A Rivalry Unlike Any Other
Not every great rivalry is born in history books or political chambers. Some grow quietly, match by match, tour by tour, shaped less by geography or empire than by the slow accumulation of contested moments. The cricket rivalry between India and Australia is precisely that: a relationship that has evolved organically, earning its weight through the quality of what has unfolded between the two nations on the field.
From the Gabba to the Eden Gardens, this is a rivalry etched in cricket. And yet, for all the drama it has produced, a comprehensive written account of it had remained conspicuously absent. Indian Summers sets out to fill that gap.
A Collection of Dispatches
This is not a linear narrative - no chapter depends on the one before it, and the reader seeking a neat chronological arc will need to adjust their expectations. What Haigh offers instead is a collection of independent dispatches: finely crafted essays on matches and tours that have defined the India-Australia contest across nearly a century of cricket, from the first tour of 1935 right through to the Border-Gavaskar Trophy of 2025.
The Prose: Poetry in Whites
If there is one quality that elevates Haigh above other cricket writers, it is his refusal to settle for the merely accurate when the precisely beautiful is within reach.
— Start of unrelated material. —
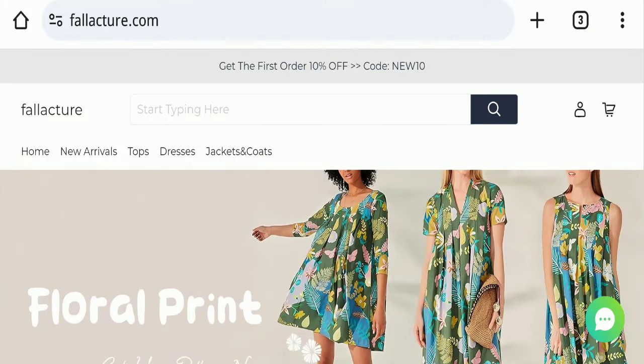Hello everyone and welcome back to my YouTube channel, Scam Advice. Today's video is about Fallacture reviews. We're going to provide you with an unbiased review, so please stay connected. If you're planning to buy any product from this website, please watch this video.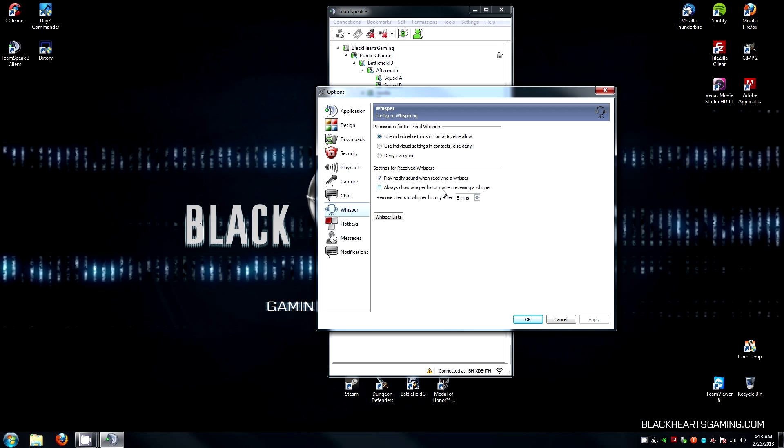Always show Whisper History. I would turn this off as it pops up a box when somebody whispers you and you don't want that interfering with your game. To continue setting up the contacts, we're going to click on Whisper List.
He blends the rhythms of poetry with the rigour of commentary.
Haigh’s descriptions of cricketers are so precisely observed that they linger long after the page is turned. Consider how he captures Virender Sehwag: no batsman, he writes, radiates such an air of relaxation at the crease. In that single clause he says everything - the swagger, the stillness, the absolute absence of doubt. Of Sachin Tendulkar, he writes that the man is a symbol of change but also of continuity - a formulation that rewards reflection, holding within it the whole arc of Indian cricket’s transformation and the one constant at its centre.
This is Haigh’s gift: the ability to compress a career, a personality, or a defining characteristic into a phrase so apt it feels inevitable. He knows when to hype and when to simplify, when to let an occasion breathe and when to press the language until it yields something essential.
The Players: A Gallery of Forgotten Greats
The book’s most moving chapters belong to the cricketers who have faded from popular memory. These are players whose contributions are now buried beneath decades of records and highlights that did not survive the analogue age.
The portraits of Mohinder Amarnath, Gundappa Vishwanath, Chandrashekhar, Bishan Bedi, Dilip Doshi, Ricky Ponting, Michael Clarke, Kapil Dev, and Sunil Gavaskar are among the book’s finest passages. These are not statistical summaries but character studies. More so explorations of individuality, temperament, and the kind of cricketing personality that resists reduction to a scoreline.
Reading these chapters, one is struck by a quiet melancholy: a sense that these men represented something in the game that cannot be mass-produced, something formed by adversity and coloured by the particular texture of their times.
What Haigh achieves, at his best, is the feeling of knowing these cricketers - not just their averages or their famous innings, but the manner in which they inhabited the game. That is a rare and generous thing for a writer to offer.
Cricket as Cultural Commentary
To read this book only as a record of cricket would be to miss half of what it offers. Haigh uses the India-Australia rivalry as a lens through which to examine everything that has changed and much that has been lost.
His observations on the diminishing idea of a team in an era of excessive scheduling are sharp and unsentimental.
His commentary on the growing influence of broadcasters on cricket decisions, the rise of private leagues, and the erosion of Test match temperament among modern players carries the weight of someone who has watched the game closely enough to know precisely what has been surrendered in the name of commerce.
He writes as a fan who feels the disappointment acutely, and who is bold enough to say so. Readers will not agree with every assertion. Nor are they meant to. But they will find it impossible not to respect the clarity of thinking and the honesty of the concern. There is context to every argument, candour in every critique, and never the sense that Haigh is grandstanding. He is simply telling the truth as he sees it.
A Book That Deserves to Last
Revisiting the tours of yesteryears through Haigh’s essays is nostalgic. The India of the 1970s tours, the Australia of Border and Lillee, the subcontinental conditions that flattened touring sides and the pace attacks that did the same - all of it is reconstructed with the detail of a scholar.
This is not the easiest cricket book to read. But it may well be the most rewarding. In its candour, its poetry, its refusal to flatten the game into results, it stands apart from the crowded shelf of cricket literature. Haigh has given this rivalry the account it deserved. And for that very reason, this book is a worthy read.